Она вцепилась обеими руками.
— Не пущу! Вытаскивай так.
Андрей уже испятнал йодом весь левый бок, а она находила всё новые и новые места, где жгло или кололо. И только вроде бы справился и усадил Палёну в кресло, как она нащупала крупный осколок между грудей, вынуть который через трико было невозможно. Ко всему прочему, едва его подцепили, как из-под него обильно потекла кровь.
— Снимай! — приказал Терехов. — Или порву.
В глазах промелькнуло недоумение, но она всё же приспустила с плеч облегающую ткань, и та стала расползаться в местах порезов крупными дырами.
— А, теперь всё равно, — вдруг решилась она и стянула с себя трико, оказавшись лишь в трусиках, если можно было так назвать крохотный треугольник ажурной ткани.

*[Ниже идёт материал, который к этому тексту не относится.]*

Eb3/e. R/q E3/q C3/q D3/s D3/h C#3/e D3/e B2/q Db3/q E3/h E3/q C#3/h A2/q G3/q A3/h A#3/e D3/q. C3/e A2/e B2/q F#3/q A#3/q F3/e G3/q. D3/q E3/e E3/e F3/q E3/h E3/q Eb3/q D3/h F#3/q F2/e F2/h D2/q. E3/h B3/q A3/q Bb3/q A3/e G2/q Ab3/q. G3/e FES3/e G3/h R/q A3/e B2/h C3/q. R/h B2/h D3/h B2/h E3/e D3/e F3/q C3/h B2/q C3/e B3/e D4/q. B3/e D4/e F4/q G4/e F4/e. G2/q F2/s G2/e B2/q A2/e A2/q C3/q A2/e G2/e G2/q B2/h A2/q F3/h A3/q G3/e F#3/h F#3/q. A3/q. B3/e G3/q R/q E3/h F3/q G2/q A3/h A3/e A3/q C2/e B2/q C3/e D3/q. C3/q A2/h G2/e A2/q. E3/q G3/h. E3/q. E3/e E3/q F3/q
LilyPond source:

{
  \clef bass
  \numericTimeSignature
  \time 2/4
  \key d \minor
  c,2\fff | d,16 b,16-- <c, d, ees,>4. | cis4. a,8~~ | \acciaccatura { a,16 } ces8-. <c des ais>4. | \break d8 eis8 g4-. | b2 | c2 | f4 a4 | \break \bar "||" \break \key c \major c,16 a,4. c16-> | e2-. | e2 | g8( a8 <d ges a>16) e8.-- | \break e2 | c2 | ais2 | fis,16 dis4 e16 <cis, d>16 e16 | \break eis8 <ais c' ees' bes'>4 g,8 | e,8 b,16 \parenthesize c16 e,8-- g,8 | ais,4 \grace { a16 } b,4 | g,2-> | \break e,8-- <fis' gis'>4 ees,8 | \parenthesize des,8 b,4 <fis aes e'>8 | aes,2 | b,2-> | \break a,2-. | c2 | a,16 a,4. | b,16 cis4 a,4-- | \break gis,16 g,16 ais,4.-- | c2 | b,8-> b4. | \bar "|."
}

Он хладнокровно выцарапал плоский, прилипший к коже осколок и придавил ранку тампоном, после чего огладил её руками, ощупью проверяя, нет ли впившегося стекла, и вдруг понял, что напрочь утратил всякое влечение к ней, ещё пять минут назад зажигающее кровь. Наоборот, где-то под ложечкой возник и назревал тошнотный приступ отвращения.
— Для тебя нарядилась, — вдруг призналась Палёна, угадав его чувства. — Чтобы совратить... Представляю, что сейчас обо мне думаешь! На кого я похожа в твоих глазах? Признайся честно.
— Похожа на палёную водку, — проворчал он, расписывая её йодом. — И имя у тебя подходящее...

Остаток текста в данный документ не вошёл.